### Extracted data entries

=-=-=

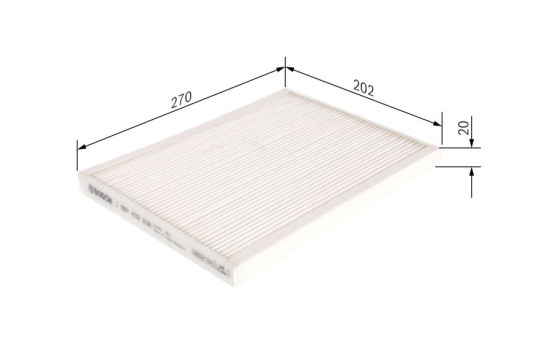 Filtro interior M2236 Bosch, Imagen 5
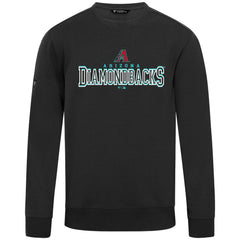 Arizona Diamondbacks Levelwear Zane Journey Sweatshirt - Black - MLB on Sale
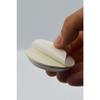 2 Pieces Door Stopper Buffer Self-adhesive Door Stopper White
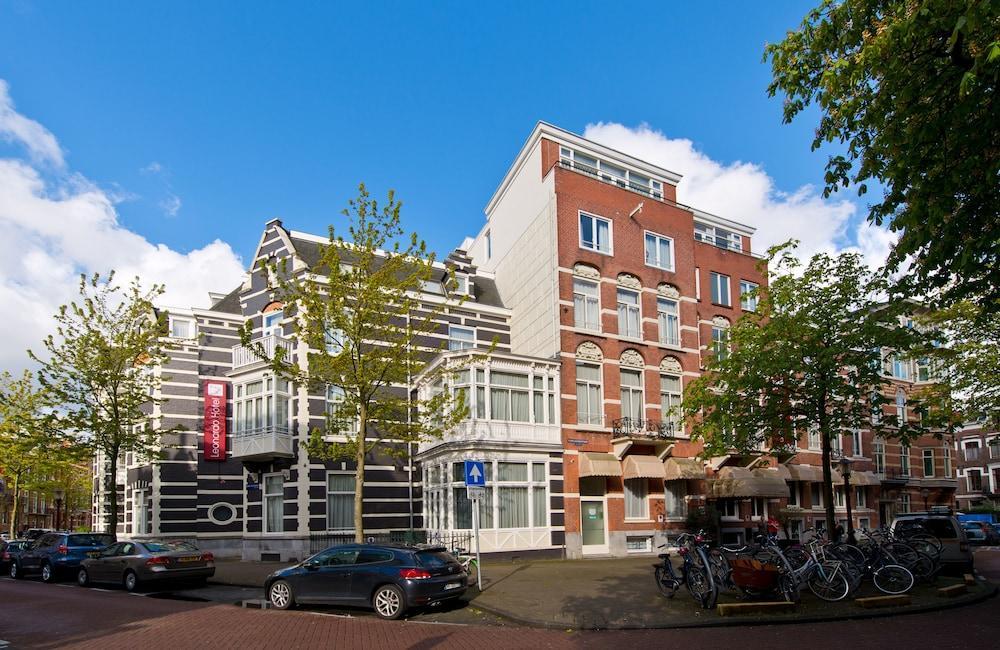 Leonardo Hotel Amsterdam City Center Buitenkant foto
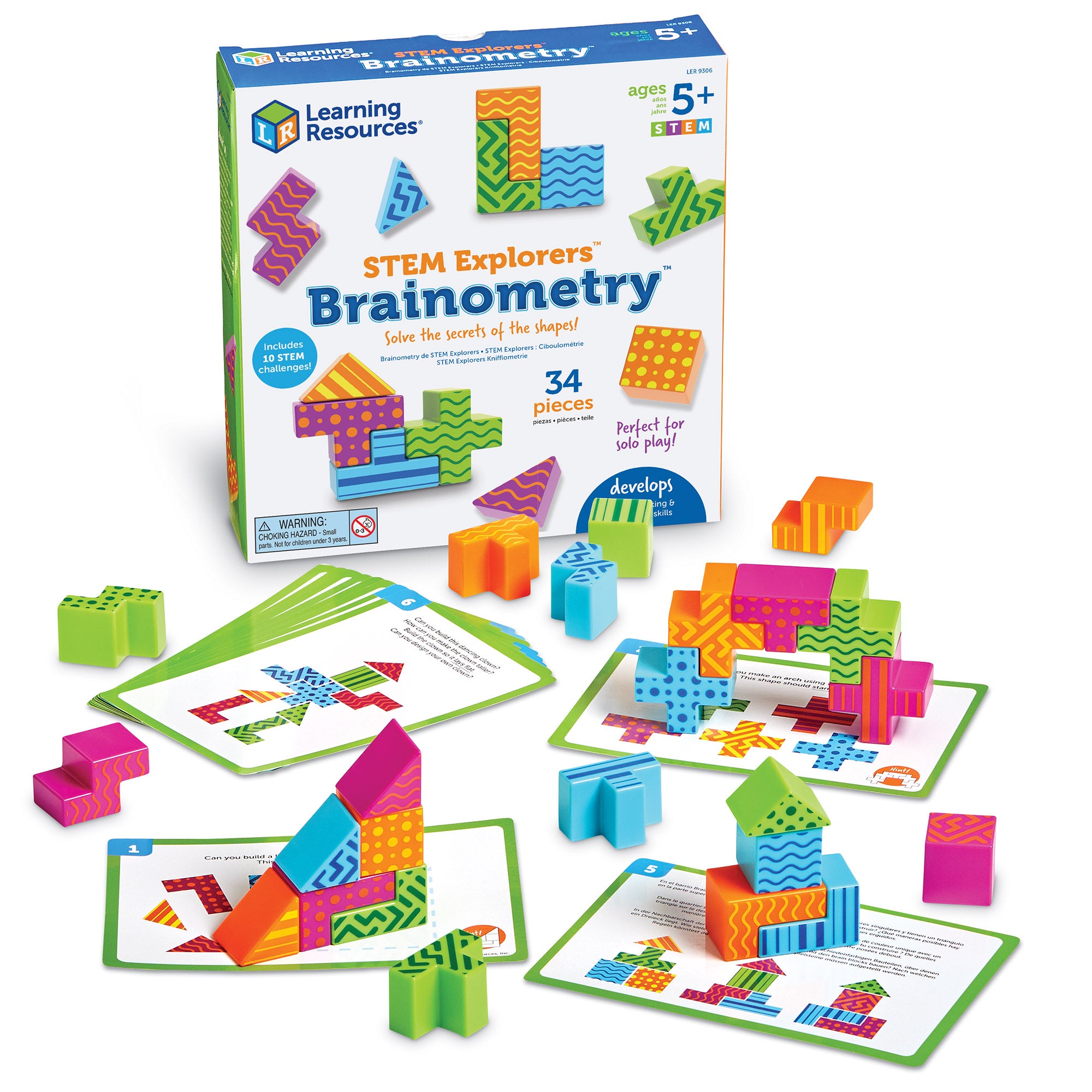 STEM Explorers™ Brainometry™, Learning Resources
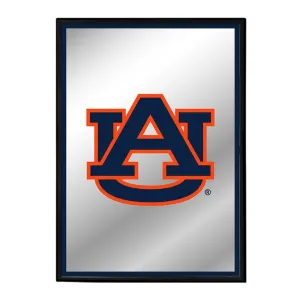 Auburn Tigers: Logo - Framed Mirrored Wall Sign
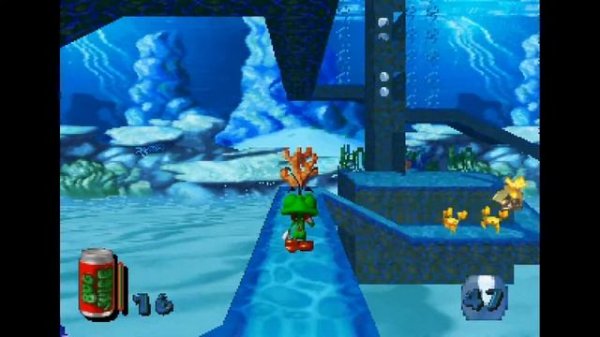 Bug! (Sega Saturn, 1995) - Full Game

=-=-=

### TO DO
What is needed is an exact copy of the entries, without any images.

### COMPLETED EXERCISE
 Filtro interior M2236 Bosch, Imagen 5
 Arizona Diamondbacks Levelwear Zane Journey Sweatshirt - Black - MLB on Sale
 2 Pieces Door Stopper Buffer Self-adhesive Door Stopper White
 Leonardo Hotel Amsterdam City Center Buitenkant foto
 STEM Explorers™ Brainometry™, Learning Resources
 Auburn Tigers: Logo - Framed Mirrored Wall Sign
 Bug! (Sega Saturn, 1995) - Full Game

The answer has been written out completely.